While KBI notes it would be ideal to create a new beverage category, “the process is long and arduous and requires a lot of financing for education and lobbying.”

AI-Generated Wine Reviews? 

New artificial intelligence software writes wine and beer reviews said to be indistinguishable from those by human critics. Researchers hope this tool will help wine and beer producers aggregate more reviews, and also provide human reviewers with a template. But the software has a major limitation: it cannot accurately predict the flavor profile of a beverage, something that can only be sampled and described by human taste buds. 

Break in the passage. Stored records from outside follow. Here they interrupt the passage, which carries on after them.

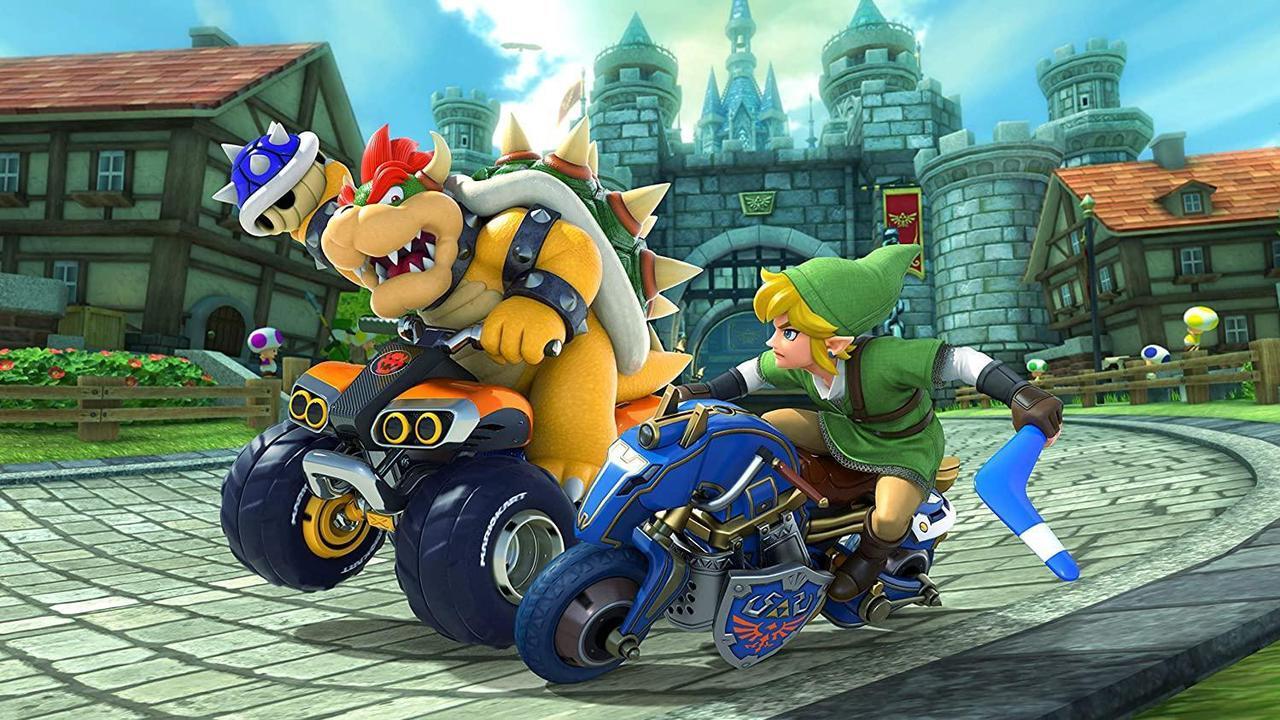 Alt view image 5 of 7 - Nintendo Switch OLED Console Mario Kart 8 Bundle with Paper Mario: the Thousand Year Door, Nintendo $20 eShop Gift Card, MightySkins Console and Controller Skin Voucher, and 1 Year CPS Extended Warra
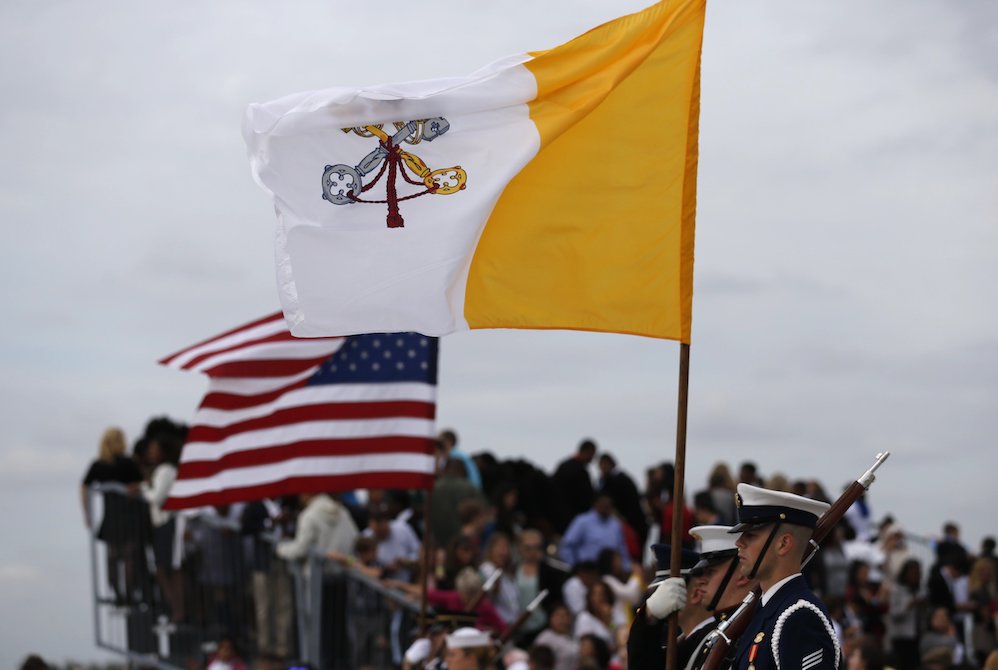 Vatican and U.S. flags are held by a military color guard during ceremonies welcoming Pope Francis upon his arrival at Joint Base Andrews outside Washington Sept. 22, 2015. (CNS/Reuters/Jonathan Ernst)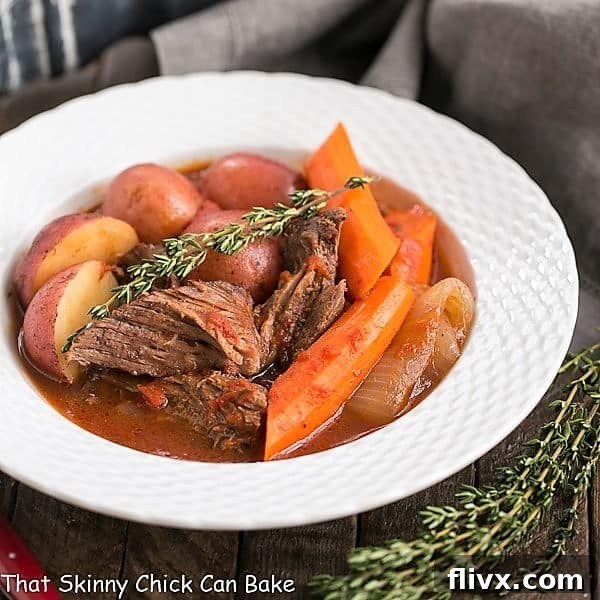 A close-up shot of a steaming easy pot roast in a white bowl, garnished with fresh thyme. Another sprig of thyme sits beside the bowl, highlighting the fresh ingredients.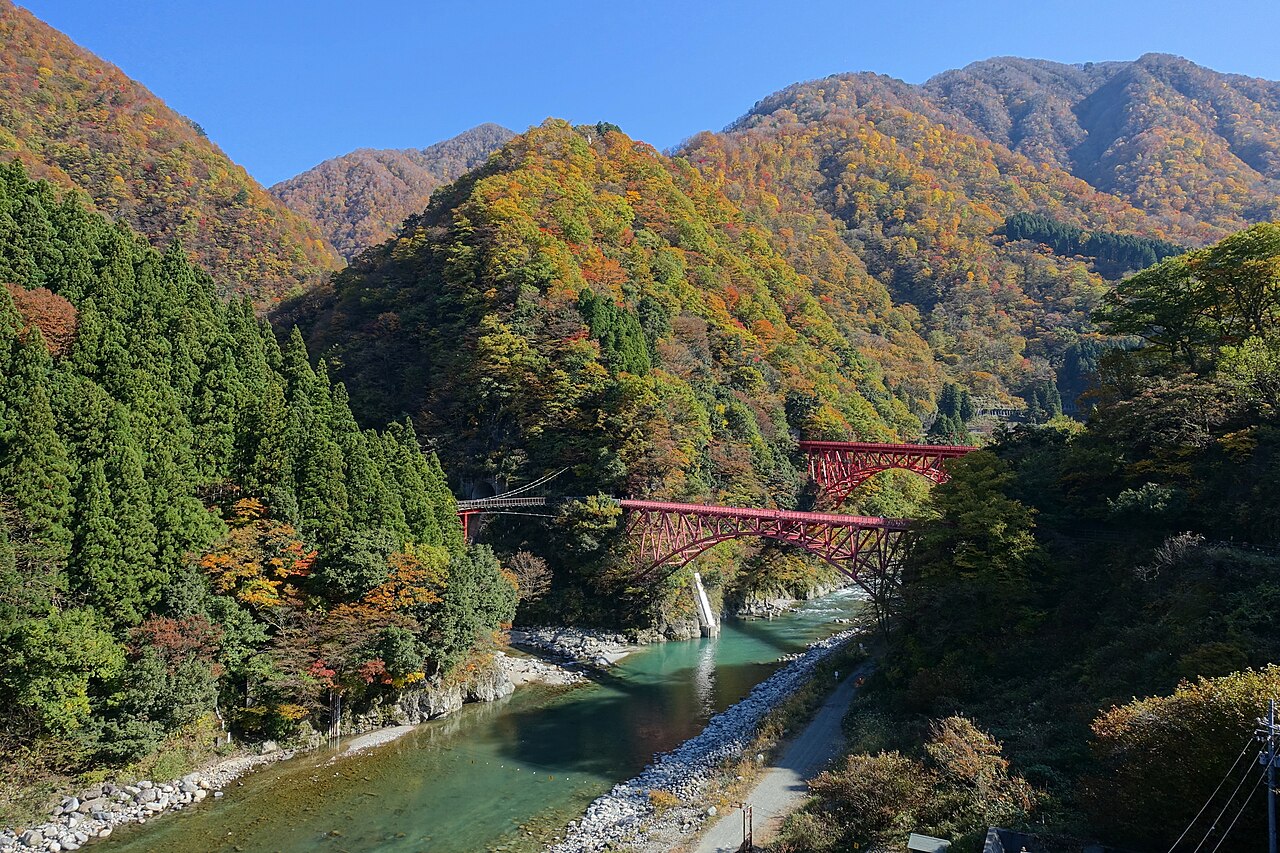 Two red steel railway bridges span a turquoise river in a deep Kurobe Gorge valley, with autumn-coloured forest on the hillsides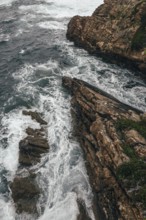 A dramatic aerial view of a rocky coastline where powerful ocean waves crash against rugged cliffs.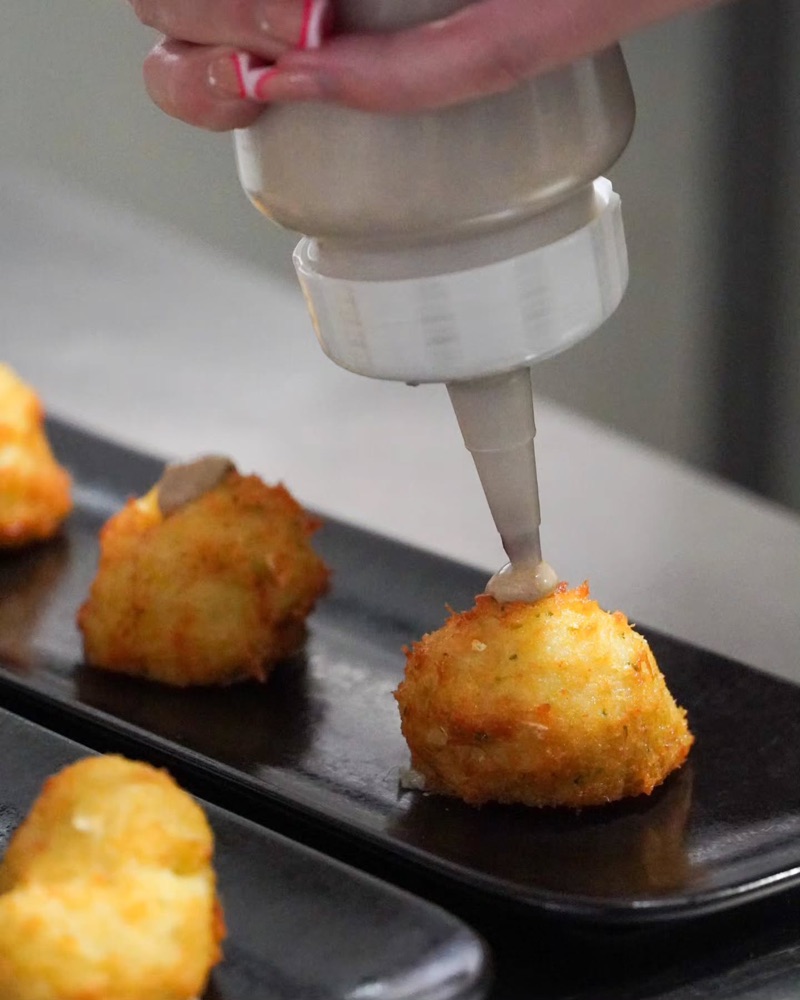 Algú posa salsa sobre unes croquetes amb un biberó de cuina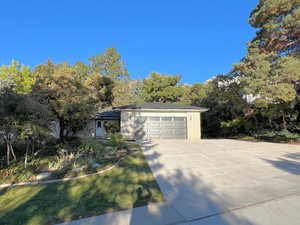 View of front of house featuring concrete driveway, brick siding, and an attached garage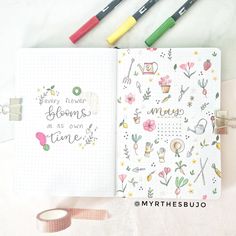 an open notebook with writing on it next to some markers and washi tapes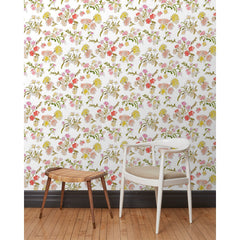 A chair and stool stand in front of a wall papered in large-scale line-drawn flowers in gray ink with red, pink and yellow watercolors, on a beige background.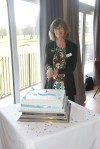 President Diane cutting the celebratory&nbsp;cake
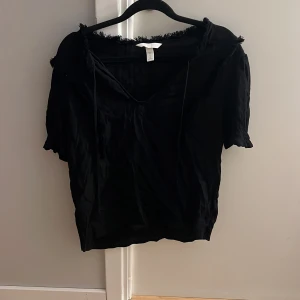 Svart topp med fransdetaljer - Snygg svart topp från H&M med fransdetaljer vid halsringningen och ärmslut. Toppen har en v-ringad design och korta ärmar, perfekt för en stilren look.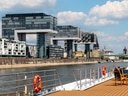 Blick von einem Boot auf moderne Architektur am Flussufer mit wolkigem Himmel.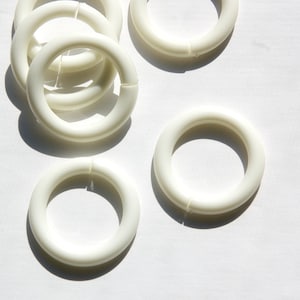 May include: Five white plastic rings, some stacked on top of each other, on a white background.
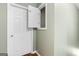 Small closet with additional storage above at 2800 S Highway 16, Carrollton, GA 30116
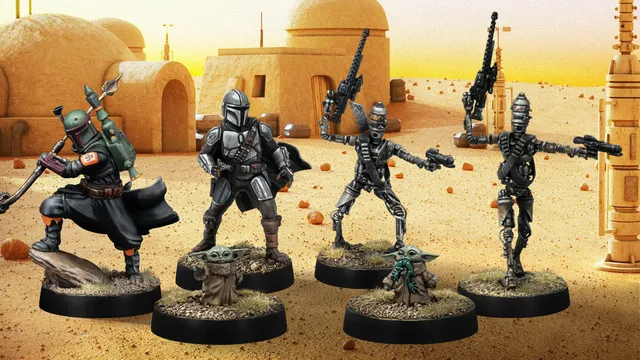 A group of four miniatures from the Star Wars universe is displayed against a desert backdrop featuring a simple structure. On the left, a character in a silver and black armor, resembling a bounty hunter, stands confidently. Next to him, two IG-Series Assassin Droids are posed with weapons drawn, showcasing their metallic bodies and intricate details. In the foreground, Grogu, a small figure with large ears, is depicted holding a small object, adding a whimsical touch to the scene. The ground is textured with grass and dirt, enhancing the overall aesthetic of the miniatures.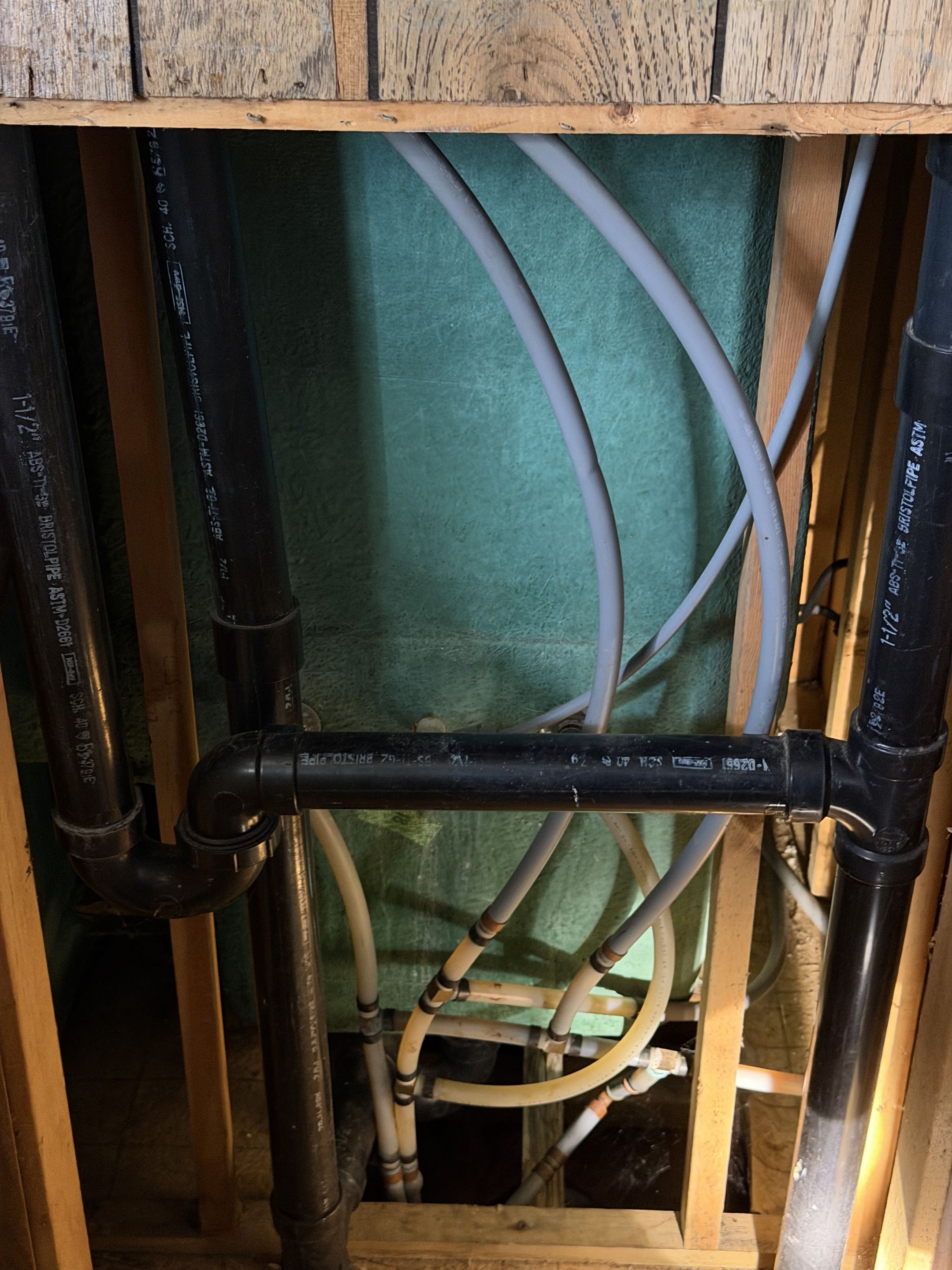 Performing a whole foam re-pipe of all the domestic water pipe in the home it is the old outlawed gray plastic piping replacing with all new uponor pex A piping. 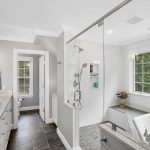 Modern bathroom with double sinks, a glass shower, large bathtub, white countertops, and a window with greenery outside.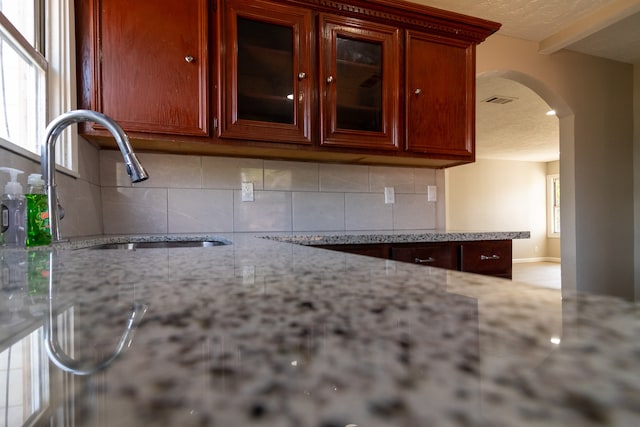 kitchen with backsplash, light stone countertops, beamed ceiling, and sink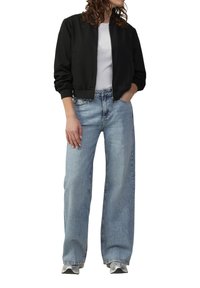 Zwarte bomberjack met ribgebreide manchetten, gecombineerd met lichtblauwe wijde jeans. Sneakers hebben een zilveren accent. Eenvoudig ontwerp, casual pasvorm.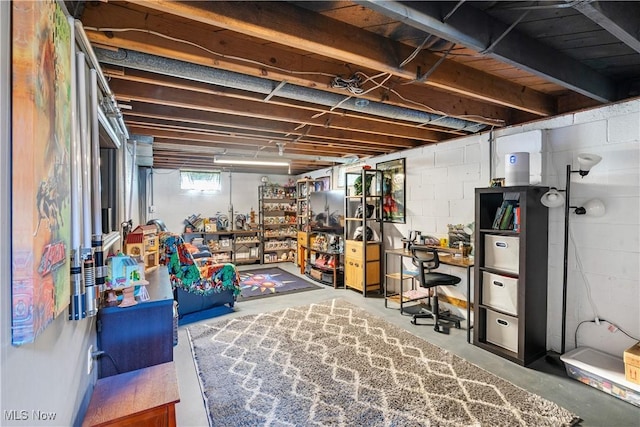 basement with a desk
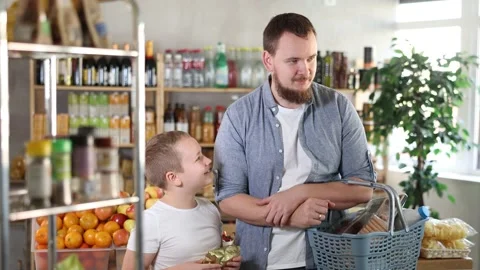 Visiting store, father and son is looking at something on shelf of showcase. Stock Footage 341784584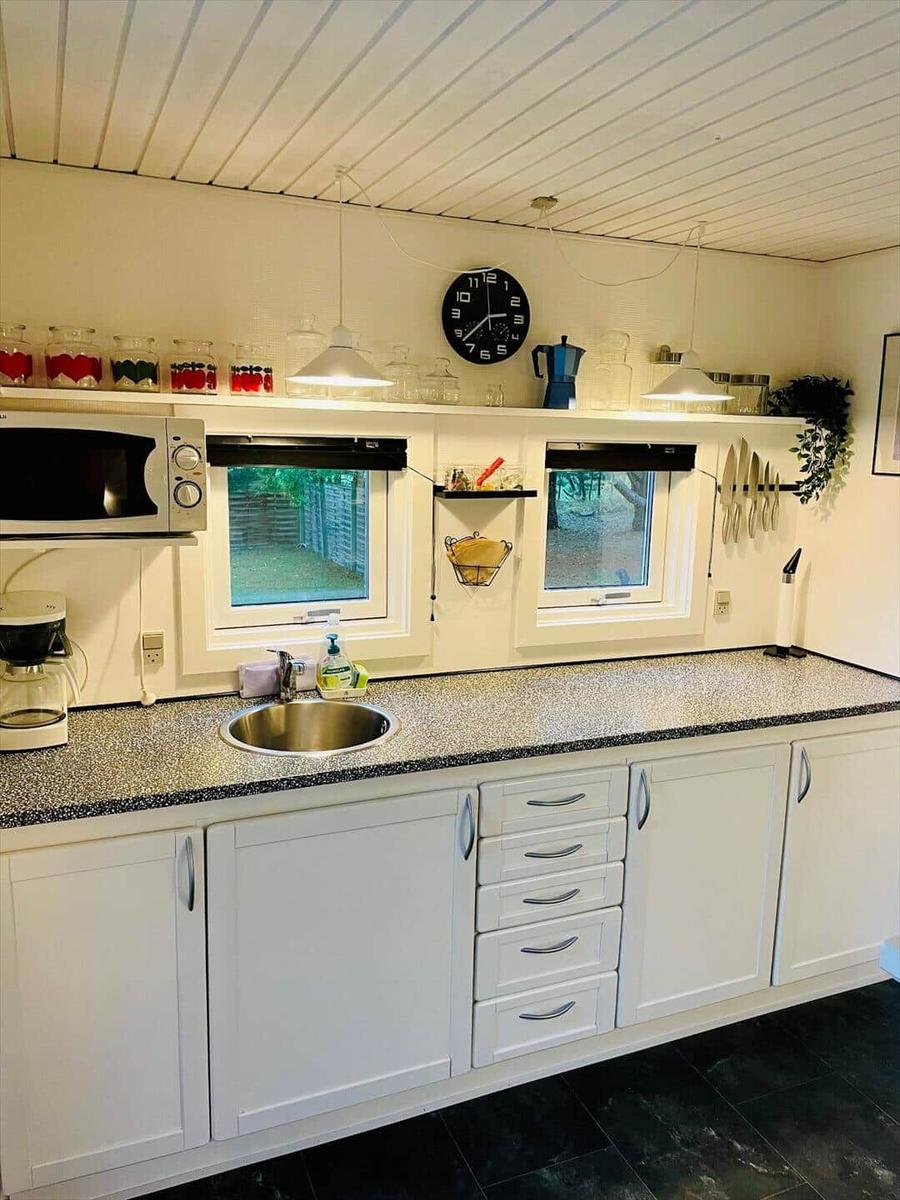 Kitchen with white cabinets, countertop, and windows to the garden.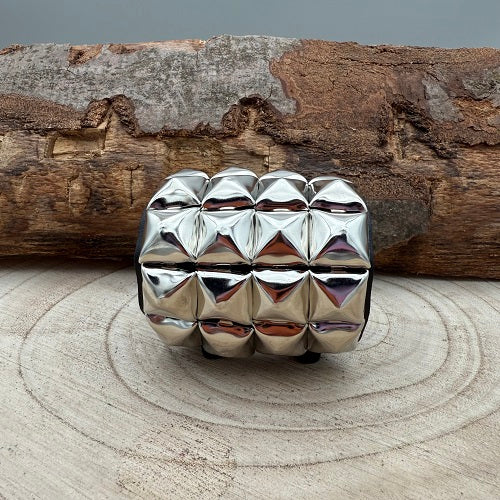 real-black-leather-wristband-with-four-rows-of-silver-pyramid-studs-for-heavy-metal-fans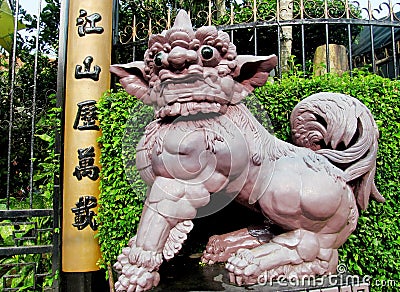 Qilin asian mythological statue near hieroglyphic column Stock Photo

Keith Carlson of Dartmouth College, who co-developed the algorithm, said wine and beer are perfect for AI-generated text because of the variety of their descriptors. Fermentation style, growing region, grape or wheat variety and year of production are all mentioned in reviews, aiding the AI algorithm. Reviews also tend to use the same vocabulary — words like “oaky,” “floral” and “dry.” 

“People talk about wine in the same way, using the same set of words,” Carlson said, adding “it was just a very unique data set.”

The research team — interdisciplinary scientists from Dartmouth, Indiana University and The Santa Fe Institute — used more than a decade’s worth of reviews (over 125,000) from Wine Enthusiast, and 143,000 beer reviews from the website RateBeer. Results were published in the International Journal of Research in Marketing

Next, they envision using the software for other experiential products, such as coffee or cars.